*Work instruction*
Take the lines from the one with "Chico's Chico’s Mosaic" to the end of the listing, both ends included, and quote them exactly, leaving pictures out.

*Data extract*
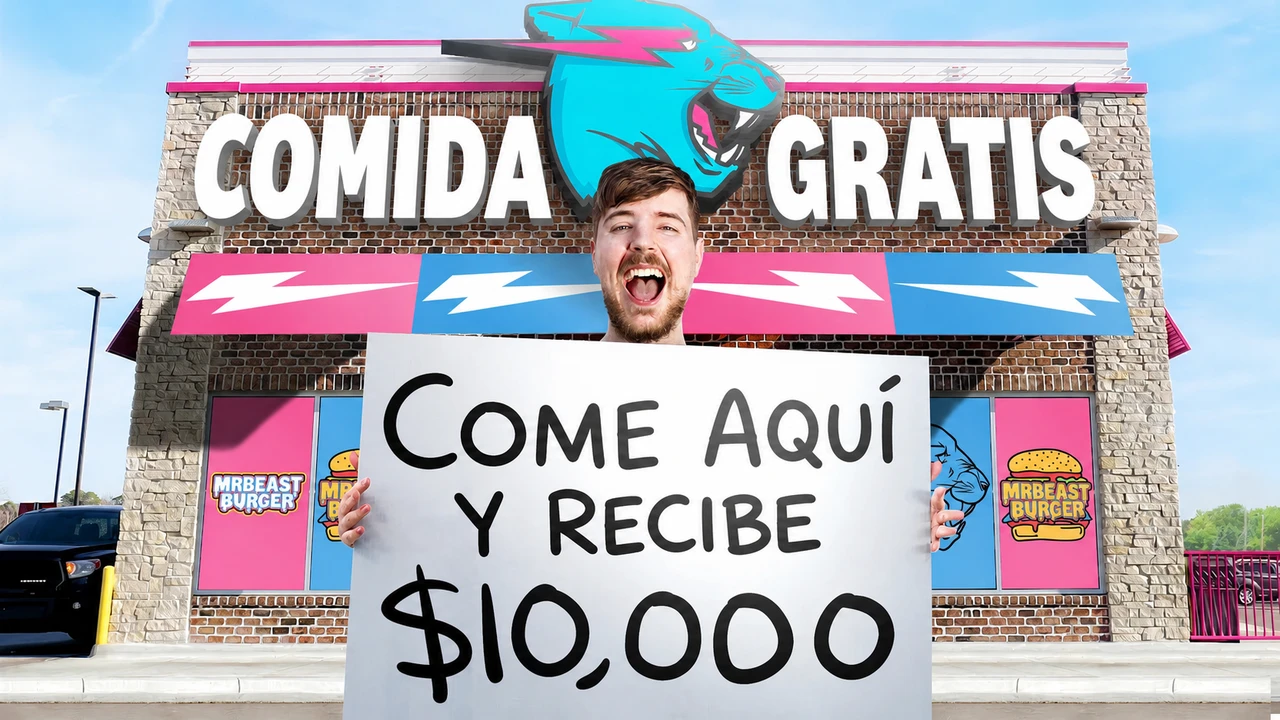 Spanish version of the MrBeast thumbnail reading Comida Gratis and Come Aquí y Recibe $10,000
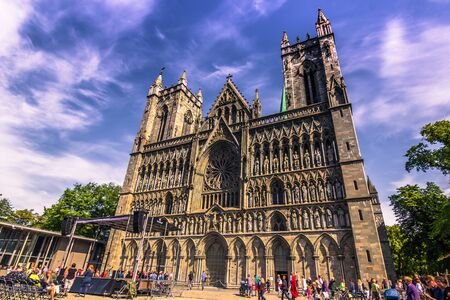 July 28, 2015: Front view of Nidaros cathedral in Trondheim, Norwayのeditorial素材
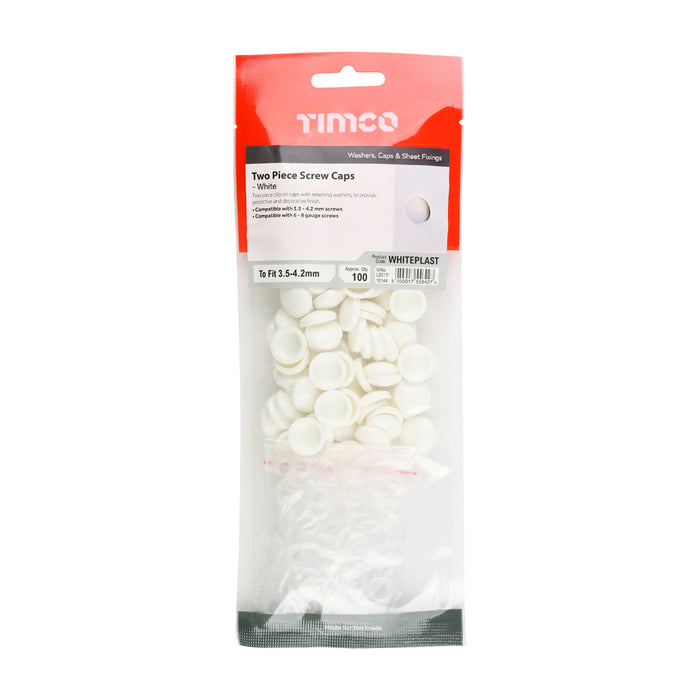 Two Piece Screw Caps - White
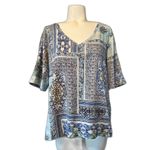 Chico's Chico’s Mosaic Patchwork Patterned Top Blue Yellow 3 16 XL Photo 7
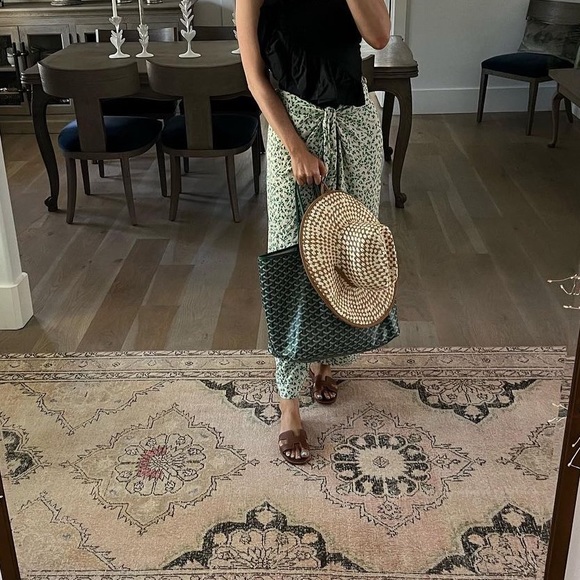 GANNI Green Floral Wrap Skirt - Picture 6 of 6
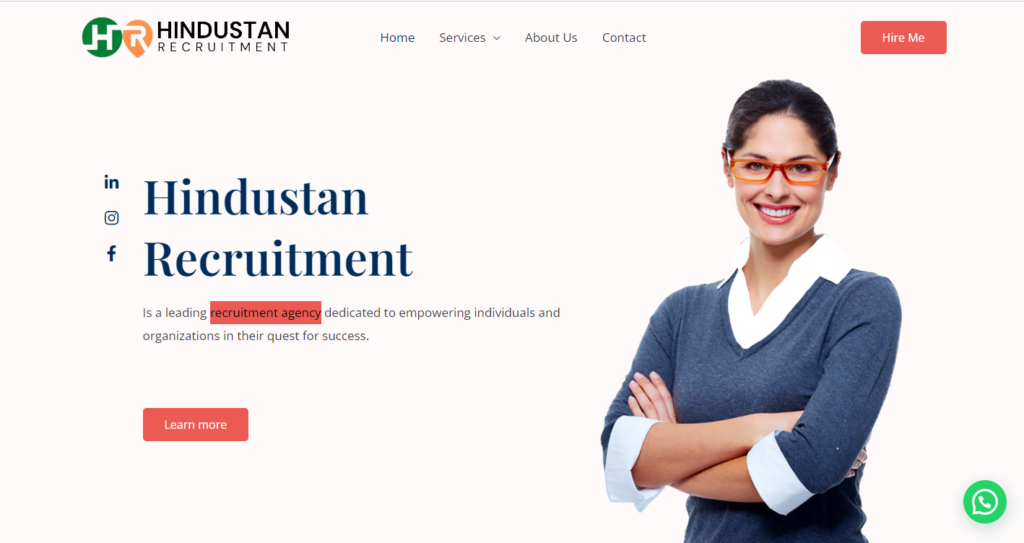 Hindustan Recruitment website screen short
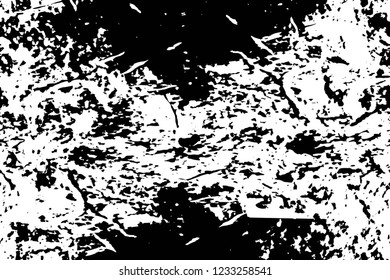 Grunge overlay layer. Abstract black and white vector background. Monochrome vintage surface with dirty pattern in cracks, spots, dots. Old wall in dark horror style design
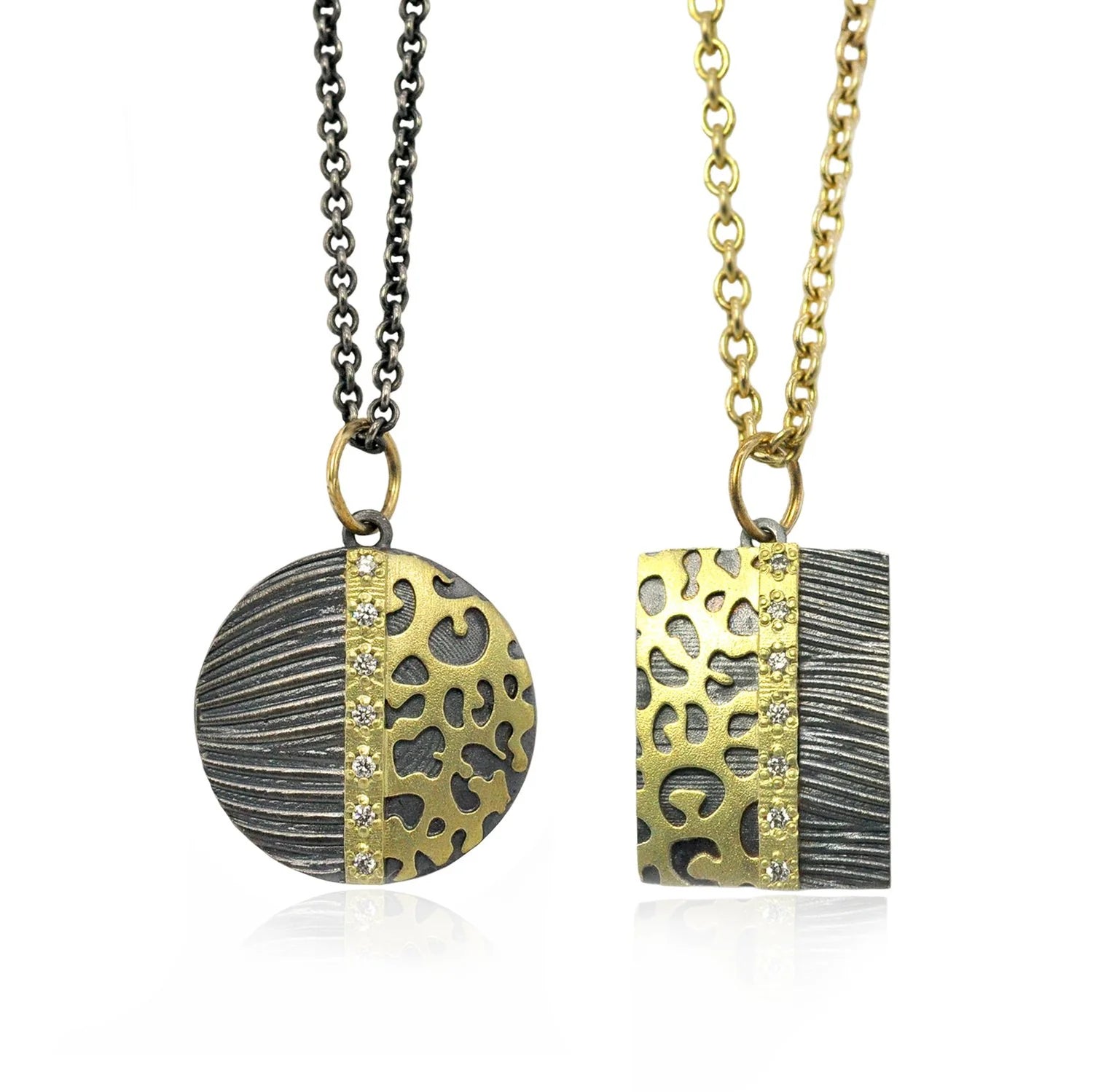 Gold and Silver Cheetah Print Pendants with Diamonds | Rebecca Myers Collection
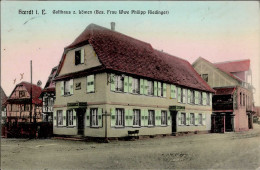 Hoerdt (Elsass) Gasthaus Zum Löwen Frau Wwe Philipp Riedinger 1909 I-II (Ecken Abgestossen) - Altri & Non Classificati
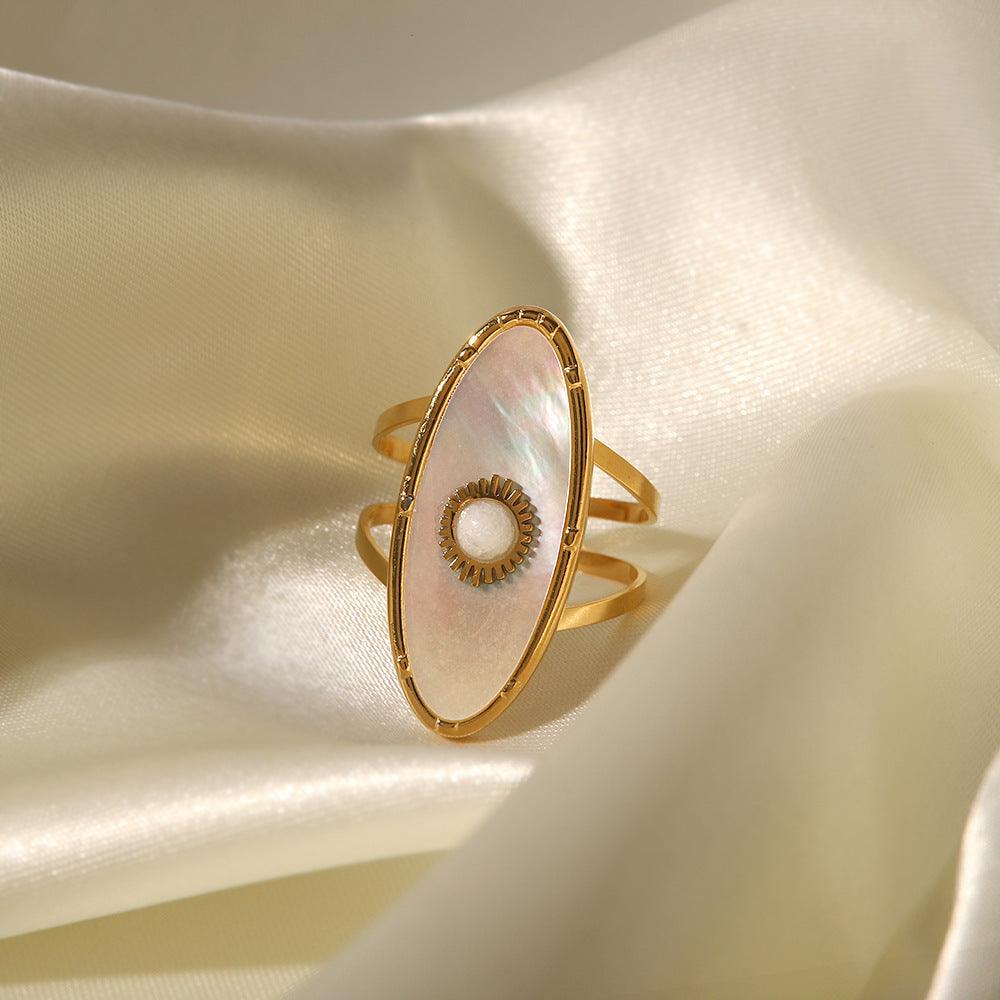 FRENCH RIVIERA|Serenity mother-of-pearl surgical steel ring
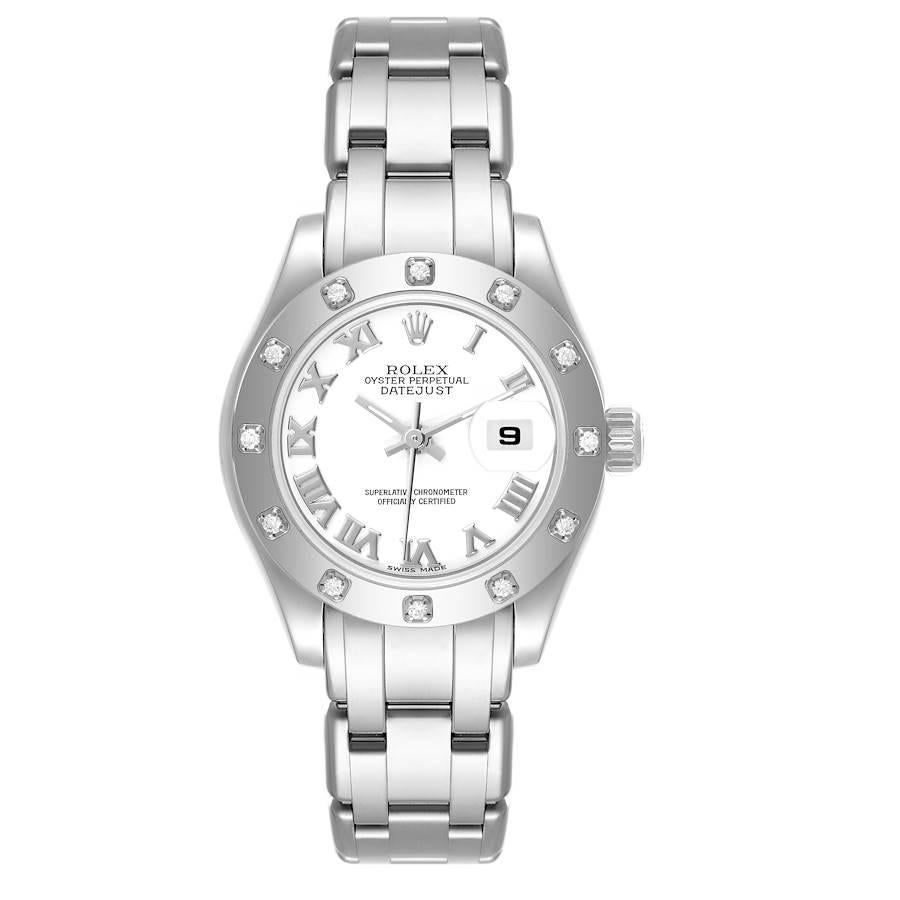 Rolex Pearlmaster White Gold Diamond Bezel Ladies Watch 80319 Box Papers. Officially certified chronometer self-winding movement with quickset date function. 18k white gold oyster case 29.0 mm in diameter. Rolex logo on a crown. 18k white gold bezel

*Expected answer*
 Chico's Chico’s Mosaic Patchwork Patterned Top Blue Yellow 3 16 XL Photo 7
 GANNI Green Floral Wrap Skirt - Picture 6 of 6
 Hindustan Recruitment website screen short
 Grunge overlay layer. Abstract black and white vector background. Monochrome vintage surface with dirty pattern in cracks, spots, dots. Old wall in dark horror style design
 Gold and Silver Cheetah Print Pendants with Diamonds | Rebecca Myers Collection
 Hoerdt (Elsass) Gasthaus Zum Löwen Frau Wwe Philipp Riedinger 1909 I-II (Ecken Abgestossen) - Altri & Non Classificati
 FRENCH RIVIERA|Serenity mother-of-pearl surgical steel ring
 Rolex Pearlmaster White Gold Diamond Bezel Ladies Watch 80319 Box Papers. Officially certified chronometer self-winding movement with quickset date function. 18k white gold oyster case 29.0 mm in diameter. Rolex logo on a crown. 18k white gold bezel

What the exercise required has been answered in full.